# Filly Fairy stopped in TEXAS!!



## txminipinto (Apr 10, 2008)

Our mare, Rosie, FINALLY foaled (at 340 days) a beautiful bay/white filly yesterday afternoon while I was at work. Came home and found the filly on the wrong side of the fence! All appears fine this morning. Will post better pics next week when I have some help!


----------



## Ponygirl (Apr 10, 2008)

AWESOME.....Congratulations, Carin......I know it's been a long wait, but well worth it....is she a big filly or on the smaller side? What is her name????

I know she'll be on the show circuit, huh???

Go get some sleep!!!


----------



## txminipinto (Apr 10, 2008)

Opps forgot to add that her cannon bone measurement was 9" and off the formula I figured she'd mature around 38". I don't believe that. She'll mature about the same size as momma 42-43". I'm going to remeasure when she straightens up a little more.
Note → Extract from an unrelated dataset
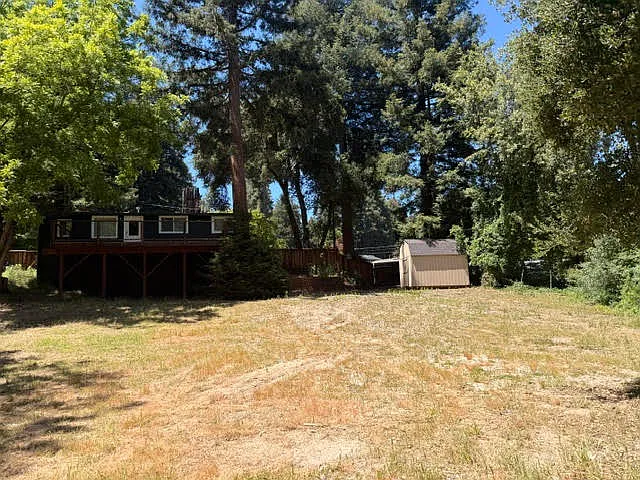 276 Woodland Dr — Photo 15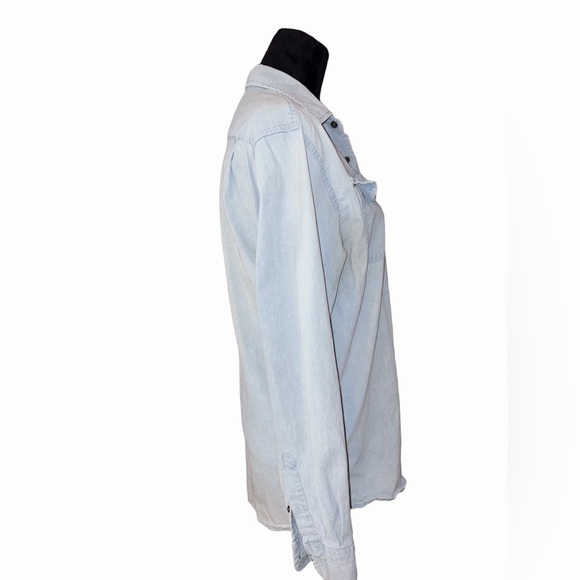 🆕💜 Wrangler Comfort Flex Light Wash Button Down Shirt M Western Denim - Picture 3 of 15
No name yet! I need help mixing Fashionable Lady's Esquire and Country Star Rosie Flores.


----------



## MiniHunterHorseFan (Apr 10, 2008)

Awww. Cute! How about Pondering Oaks Fashionable Roses? Or is that too many letters? What is the limit anyway?


----------



## txminipinto (Apr 10, 2008)

Hey, Elizabeth, you're the second that's come up with that name! Gonna have to roll it over a couple times in my head.



Thanks!


----------



## Leeana (Apr 10, 2008)

She is adorable





Hmm well im not the best with names but i have a few ...Pondering Oaks Roses Of Esquire


----------



## MBhorses (Apr 10, 2008)

she is a doll

love her markings.


----------



## Karen S (Apr 10, 2008)

Congrats Carin! Now you can rest and play with your new baby.

How about:

Pondering Oaks Fashion Statement? (32 characters total)

Karen


----------



## Coventry Lane Farm (Apr 10, 2008)

Finally she arrived for you Karen, glad that all is well also. Nice filly too, send the filly fairy up here to Pa when you are done also......now you can get some sleep. I have a terrible time with naming foals, most of the time Scott comes up with a name after a few days, good thing I don't have kids. Congrats and I'll tell Rosie that she has a sister. My father has claimed that Rosie Patches is his favorite horse of the farm now. He loves them all but he has his picks for sure.


----------



## Filipowicz Farm (Apr 10, 2008)

Congratulations on a beautiful filly, love her markings.


----------



## Irish Hills Farm (Apr 10, 2008)

Congratulations on an adorable filly!


----------



## hairicane (Apr 11, 2008)

Congrats on your lovely new filly!!!


----------